Information shown:
★ ★ ★ ★ ★
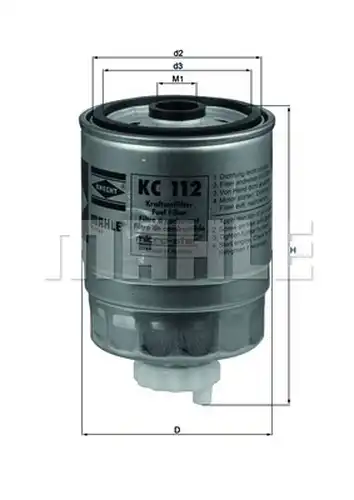 горивен филтър KNECHT KC 112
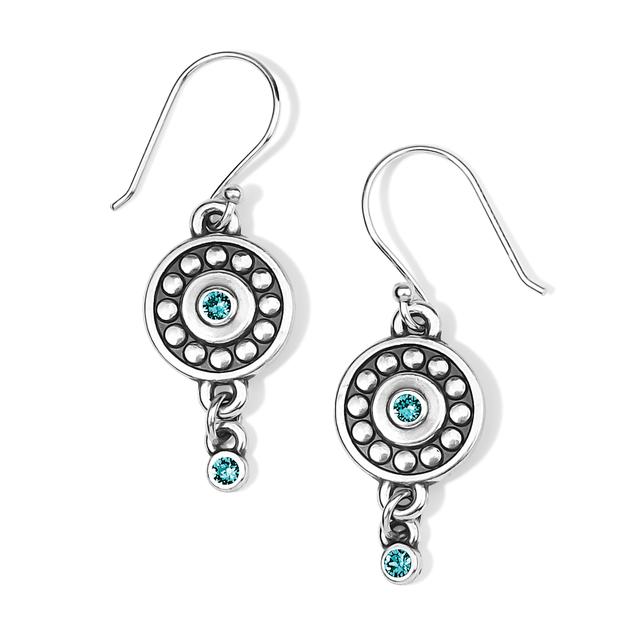 Brighton - Pebble Dot Medali Reversible French Wire Earrings in Cisco-TX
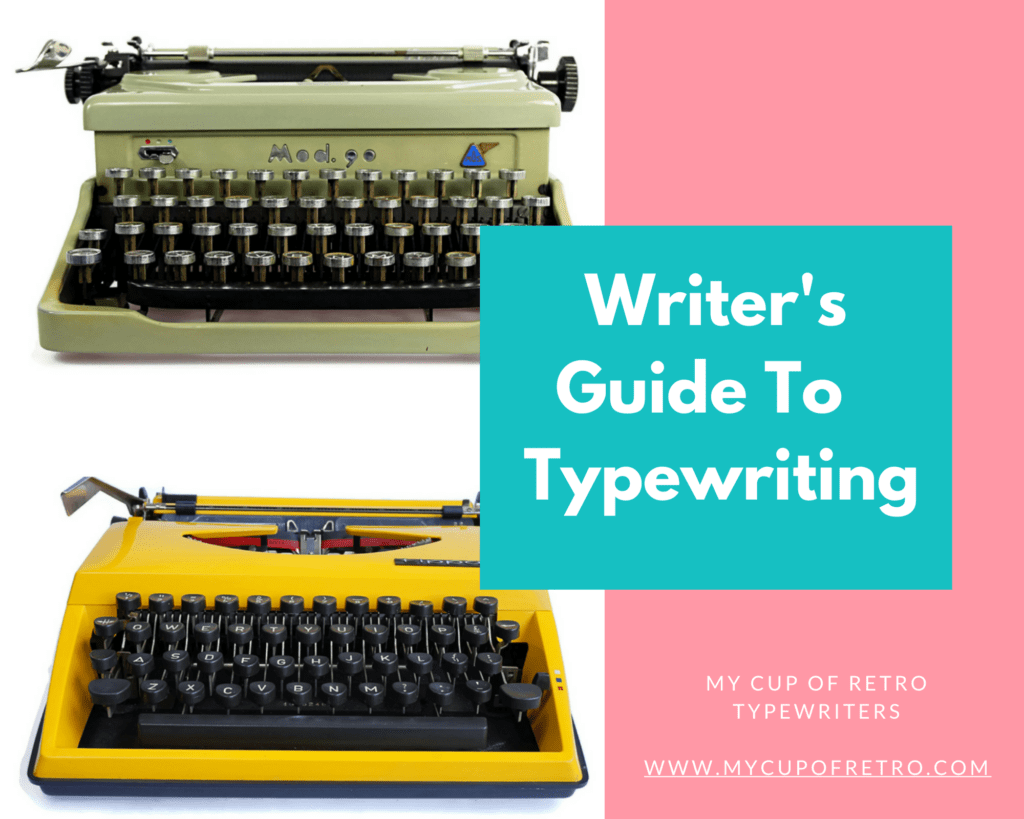 Letter Using A Type Writer The Forgotten Art of Letter Writing - My Cup Of Retro Typewriter Store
★ ★ ★ ★ ★
A verbatim transcript of the material above, with images dropped, is the expected output.

 горивен филтър KNECHT KC 112
 Brighton - Pebble Dot Medali Reversible French Wire Earrings in Cisco-TX
 Letter Using A Type Writer The Forgotten Art of Letter Writing - My Cup Of Retro Typewriter Store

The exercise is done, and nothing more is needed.